Does exactly what it says on the tin – a singleton’s supper cooked in a single pan. This comes from a supermarket freebie mag, a cheap source of food inspiration for blokes – I’ve just cut the fat from the original recipe.
Kit you'll need
1 extra lean pork chop
2 tbsp water
½ onion, peeled and sliced into rings
1 large potato, peeled and cut into 1 cm dice
1 eating apple, cored and diced
100g shredded cabbage
pepper to taste
Saucepan with a lid
Spoon
Step by step instructions
- Place the chop in the saucepan with 1 tablespoon of water and cook over a medium heat for 2-3 min on each side until it loses its pink colour and the water has evaporated
- Add the onion and potato plus another tablespoon of water to the pan and continue to cook for another 3-4 mins.
- Add the apple to the pan, cover and cook over a low heat for 15 mins, stirring occasionally.
- Add the cabbage, cover and cook for a further 5 mins.
Points for style
Add a bit of mustard if you like it – goes well with brassicsas.

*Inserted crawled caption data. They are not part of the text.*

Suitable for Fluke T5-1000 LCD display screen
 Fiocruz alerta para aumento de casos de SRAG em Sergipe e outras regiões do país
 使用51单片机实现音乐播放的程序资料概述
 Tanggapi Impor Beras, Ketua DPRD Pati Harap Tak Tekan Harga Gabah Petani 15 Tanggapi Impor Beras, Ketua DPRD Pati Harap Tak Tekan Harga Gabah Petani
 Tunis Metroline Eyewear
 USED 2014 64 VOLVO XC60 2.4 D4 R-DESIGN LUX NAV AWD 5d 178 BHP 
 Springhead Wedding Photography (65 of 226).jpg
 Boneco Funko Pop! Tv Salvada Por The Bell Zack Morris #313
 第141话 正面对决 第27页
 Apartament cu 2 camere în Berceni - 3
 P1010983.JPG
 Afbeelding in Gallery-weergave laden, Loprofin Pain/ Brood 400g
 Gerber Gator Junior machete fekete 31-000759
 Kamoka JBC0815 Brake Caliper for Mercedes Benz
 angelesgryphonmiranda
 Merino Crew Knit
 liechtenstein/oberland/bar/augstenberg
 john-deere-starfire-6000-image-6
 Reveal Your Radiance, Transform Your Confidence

Use lean pork or lamb escalopes if you see them - the advantage of these is no bone.
You can do the same with lamb too - use dried apricots in place of the apple and spinach in place of cabbage.
Fish without crumbs – not as fast as fingers – but you can save valuable time by cooking extra spuds at suppertime the day before and starting at step 3. Plenty of protein in the fish, just add some green veg for a complete low fat meal.
Kit you'll need
400g potatoes
185g tuna chunks in brine, drained
115g frozen sweetcorn
½ small onion, chopped
40g fresh breadcrumbs
Potato peeler
Fork
Saucepan
Spoon
Plate
Oven tray
Step by step instructions
- Set oven to Gas 6, 200 deg C
- Peel the potatoes, cut into chunks and cook in pan of boiling water for 15 mins
- Mash the potatoes with a fork and stir in the tuna, sweetcorn and onion
- Using dampened hands and a spoon, shape the mix into 4 round patties
- Place the breadcrumbs on a plate. Press each the fishcakes into them to coat
- Place the coated fishcakes on the baking sheet and bake for 20 mins until browned
Points for style
The fastest way to make breadcrumbs is to simply whizz a slice of bread in a blender for a few seconds. You can also try this using crushed Ryvita or cornflakes in place of the breadcrumbs
Take this dish up a notch by using smoked mackerel or tinned salmon in place of tuna and adding some chopped fresh parsley to the mix.